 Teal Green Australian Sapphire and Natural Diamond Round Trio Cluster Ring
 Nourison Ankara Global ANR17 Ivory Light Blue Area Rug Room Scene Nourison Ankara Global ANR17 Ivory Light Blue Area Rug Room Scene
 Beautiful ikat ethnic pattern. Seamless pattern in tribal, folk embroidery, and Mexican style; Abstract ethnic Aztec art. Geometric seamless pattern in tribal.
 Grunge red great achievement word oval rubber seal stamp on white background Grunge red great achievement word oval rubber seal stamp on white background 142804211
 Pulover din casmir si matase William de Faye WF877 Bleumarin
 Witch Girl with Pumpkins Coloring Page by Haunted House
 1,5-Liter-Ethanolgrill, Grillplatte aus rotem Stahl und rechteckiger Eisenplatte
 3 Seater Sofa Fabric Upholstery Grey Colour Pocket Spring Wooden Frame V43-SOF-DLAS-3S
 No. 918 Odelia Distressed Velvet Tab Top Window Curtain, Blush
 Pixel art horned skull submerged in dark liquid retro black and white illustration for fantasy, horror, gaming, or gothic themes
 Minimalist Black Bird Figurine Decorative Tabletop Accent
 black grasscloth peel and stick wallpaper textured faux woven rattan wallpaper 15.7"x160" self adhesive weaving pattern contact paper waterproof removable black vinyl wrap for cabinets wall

────────

Exercise aim —
Your answer should be each line from the entries that includes the string "pattern".

Finished task —
 Beautiful ikat ethnic pattern. Seamless pattern in tribal, folk embroidery, and Mexican style; Abstract ethnic Aztec art. Geometric seamless pattern in tribal.
 black grasscloth peel and stick wallpaper textured faux woven rattan wallpaper 15.7"x160" self adhesive weaving pattern contact paper waterproof removable black vinyl wrap for cabinets wall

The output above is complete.